ISLAMABAD –  : The first round of talks between Pakistan and International Monetary Fund (IMF) will start from tomorrow (Tuesday) in Dubai where Pakistan’s ability to pay back a remaining debt of approximately $6.4 billion will be reviewed.

According to an official, during the week-long talks, an IMF team will arrive also in Islamabad to hold policy-level dialogue which will be a significant part of the parleys which involve meetings with the country’s President Asif Ali Zardari and Premier Raja Pervaiz Ashraf.

The official said $1.18 billion amount received in Coalition Support Fund (CSF) from the US had given some space to the country’s economic trouble shooter to repay installments to the IMF on monthly bases and more foreign inflows were expected in the coming months from other donors especially after improvement in relations with the US as it had also disbursed $280 million for the energy sector last month.
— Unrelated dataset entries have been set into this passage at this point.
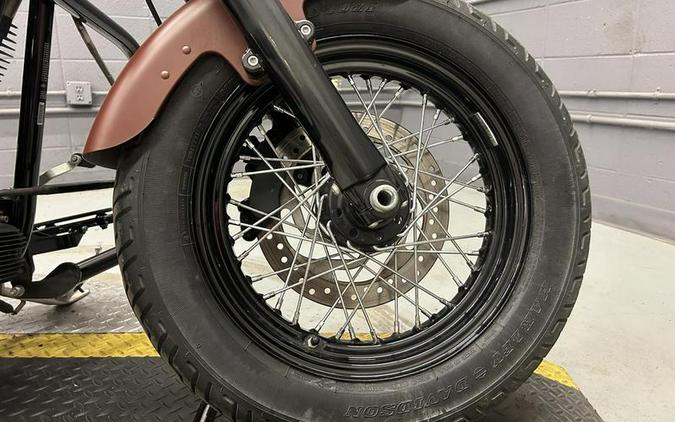 2017 Harley-Davidson® FLS - Softail® Slim®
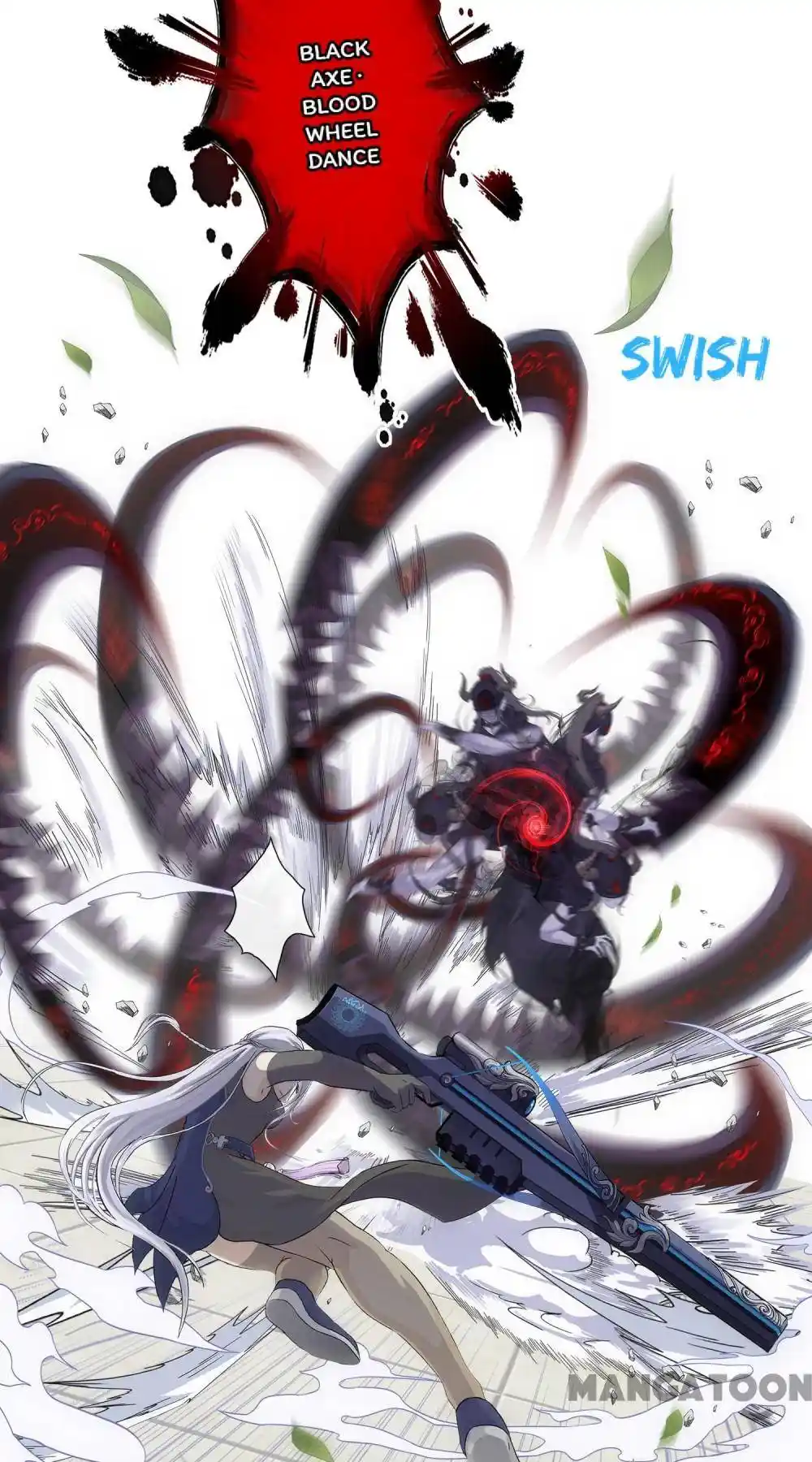 The Legend Of The demon God Chapter 157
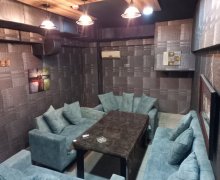 Kirayə (aylıq) Obyekt Gənclik m., A.S.Puşkin parkı, Nərimanov r.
The official said the country’s foreign exchange reserves will continue to face pressure due to re-payment of IMF loans in the next more than three years as Pakistan is likely to go to the International Monetary Fund (IMF) in fresh loan in current fiscal year 2012-13 to seek loan for the retirement of IMF’s Stand-by Arrangement (SBA) facility.   Despite depressive economic situation of the country, the government had paid back total amount of $1.2 billion to International Monetary Fund during last fiscal year 2011-12 from foreign currency reserves held by the State Bank of Pakistan (SBP). 
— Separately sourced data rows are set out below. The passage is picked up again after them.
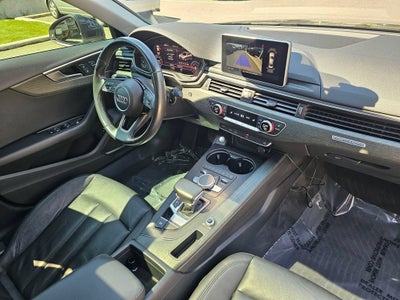 2018 Audi A4 Premium Plus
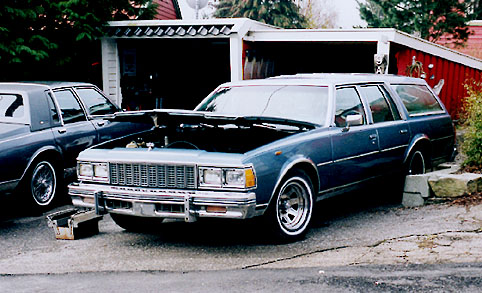 1979 Chevrolet Caprice Classic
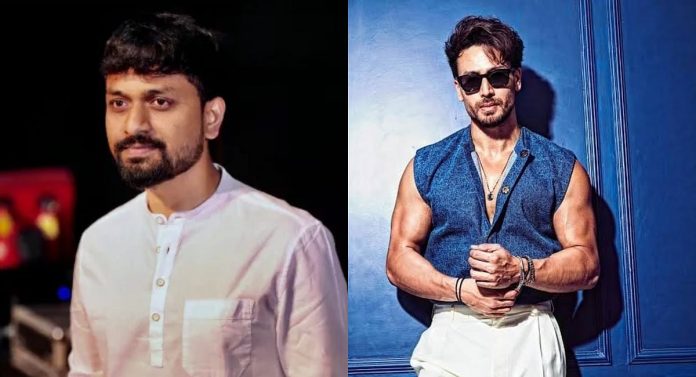 Sachin Ravi wraps his Bollywood debut with Tiger Shroff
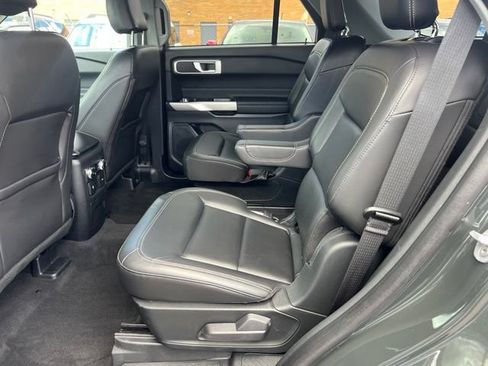 Certified 2023 Ford Explorer XLT w/ Equipment Group 202A AWD/4WD image 20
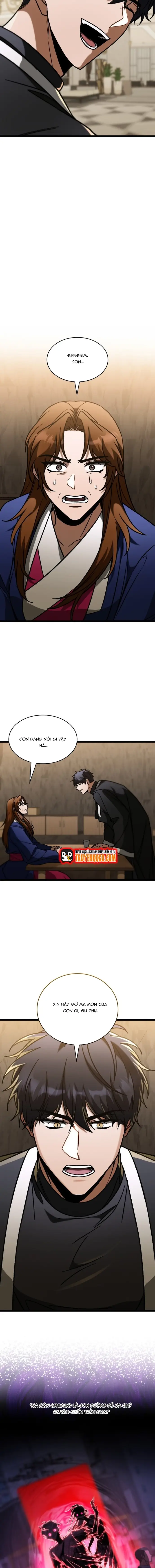 Thợ Săn Số Mệnh Cấp F Chapter 100 - 9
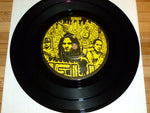 Antiseen : Thanks A Lot (7", EP)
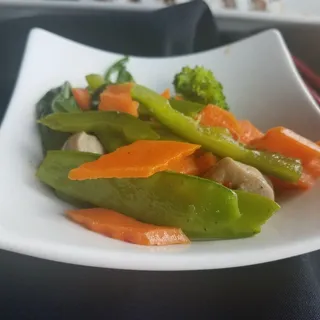 Asian Vegetables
According to the repayment schedule agreed between Pakistan and IMF, Pakistan will repay its obtain $7.6 billion to the IMF till the end of fiscal year 2014-15. The $11.3 billion SBA program had expired on September 30, 2011 and the last two trenches of $3.7 billion could not pay to Pakistan by IMF following Islamabad’s failure to pursue key reforms as well as the emergence of the revenue figures fiasco.

Pakistan had enter into a $11.3 billion programme in 2008 with IMF and got disbursements of about $7.6 billion, but failed to get the remaining $3.7 billion due to slippages in performance criteria, leading to suspension of the programme in May 2010 and was ended unsuccessfully on September 30,2011.